C'ha pure copiato per diventare famoso.
Bruce Lee aveva studiato proprio il modello italiano, in particolare Clint Eastwood e Sergio Leone.
1. Il trucco di Eastwood
Eastwood non riusciva a sfondare a Hollywood, allora è andato in Italia a fare gli spaghetti western di Leone, Per un pugno di dollari, Per qualche dollaro in più, Il buono il brutto e il cattivo_. Sono diventati un successo mondiale e l'America l'ha richiamato come star.
Lee era amicissimo di James Coburn e gli diceva sempre: "Farò come Eastwood, ma con Hong Kong. Tornerò in America come una superstar come Eastwood."
Ed è quello che ha fatto: prima sfondare in Asia con The Big Boss e Fist of Fury, per farsi chiamare da Hollywood.
2. L'amore per il western all'italiana
Il suo unico film da regista completo, L'urlo di Chen terrorizza anche l'occidente / The Way of the Dragon del 1972, l'ha voluto ambientare apposta a Roma. E l'ha girato come uno spaghetti western marziale.
Lo dicono anche i critici americani: è il suo "Spaghetti Martial Arts Western" — prende le trovate di Leone e le ribalta. Invece del pistolero che disarma sparando la pistola dalle mani, Lee disarma i gangster italiani a calci togliendogli la pistola dalle mani.

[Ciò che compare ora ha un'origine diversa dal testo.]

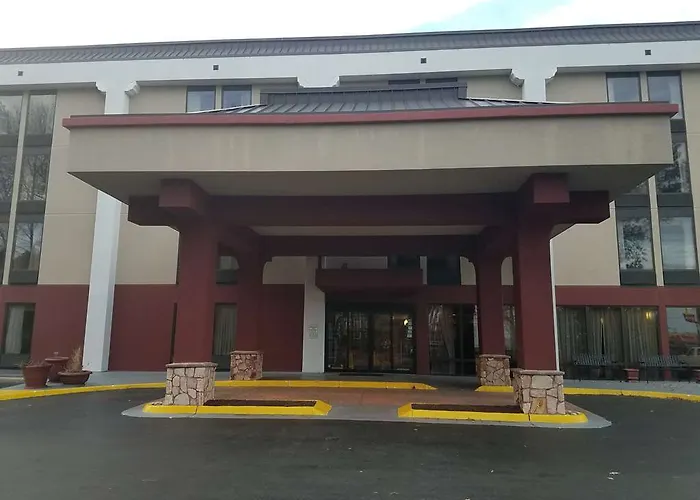 Studio And Suites 4 Less Western Branch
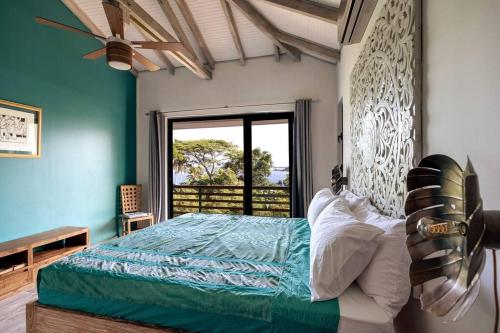 波拉波拉2 BR. Panoramic Lagoon View Villa: Poolside paradise, gourmet kitchen的一间卧室设有一张床和一个大窗户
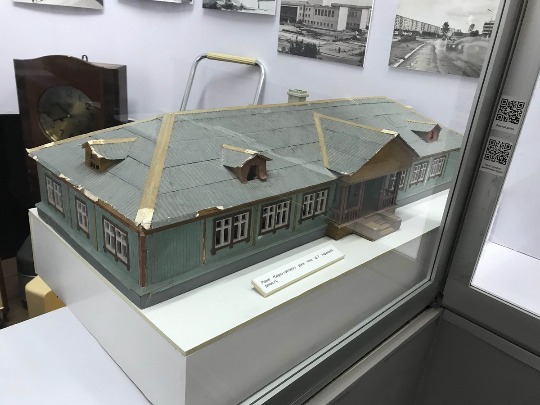 Фото макета щитового дома в музее города Чайковского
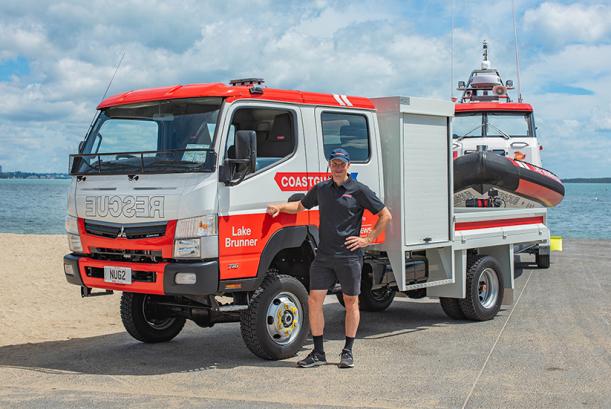 FUSO Canter 4WD 716 Crew Cab transports an NZ Coastguard boat 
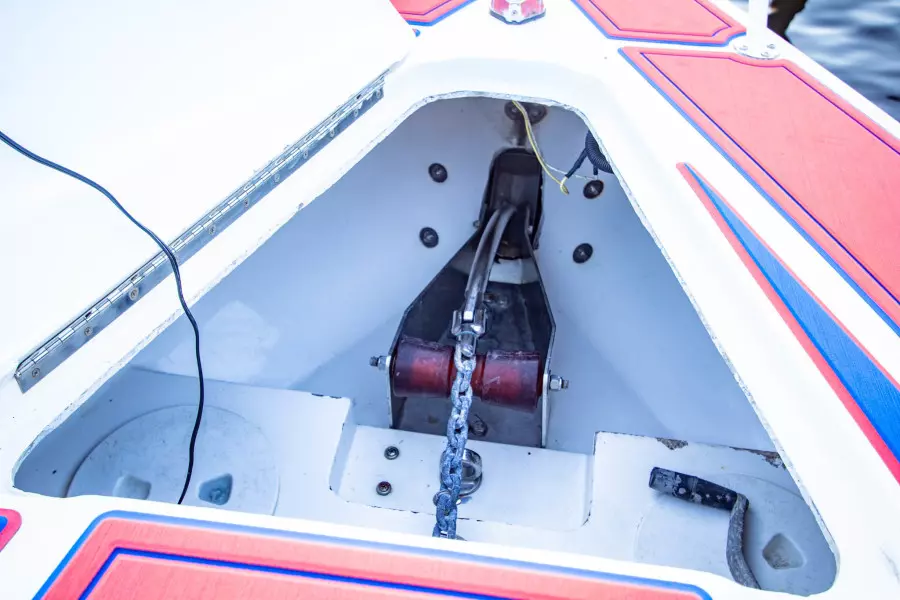 2005 Fountain 38 LX 29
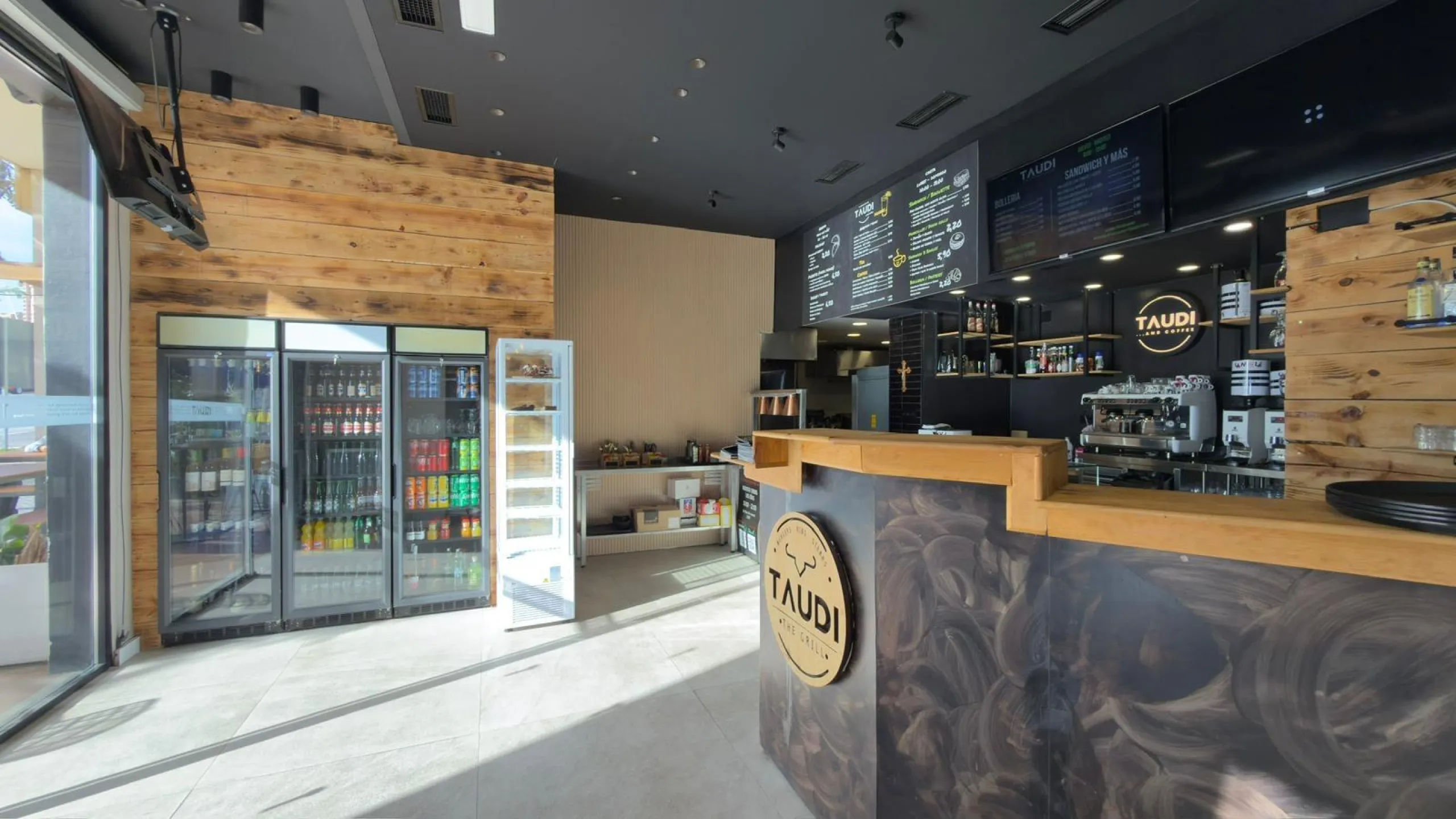 RESTAURANT WITH OWN PREMISES IN BENIDORM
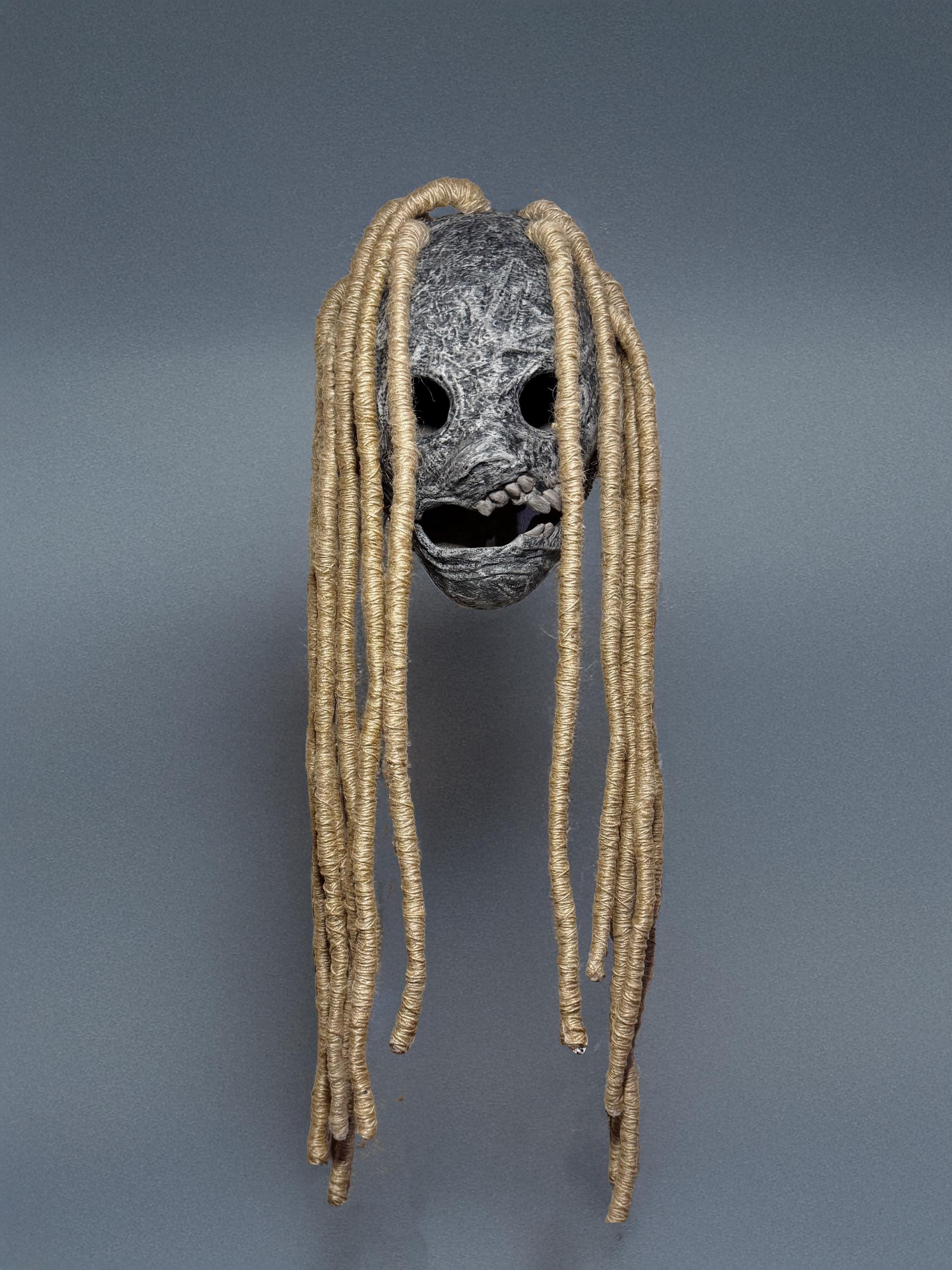 スリップノットのコリィ・テイラーのマスク：手作りのドレッドヘアの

C'è pure il duello finale al Colosseo con Chuck Norris, girato tutto con i primi piani alla Leone, silenzi lunghi, musica di Morricone style.
Conosceva benissimo Leone, Corbucci, il filone. Non tanto Fellini o Visconti, a lui interessava il cinema di genere di Cinecittà, quello commerciale che faceva 200 film all'anno di pistole e botte.
Quindi si, il cinema di genere italiano lo conosceva a menadito. Gli è servito da manuale per come diventare leggenda.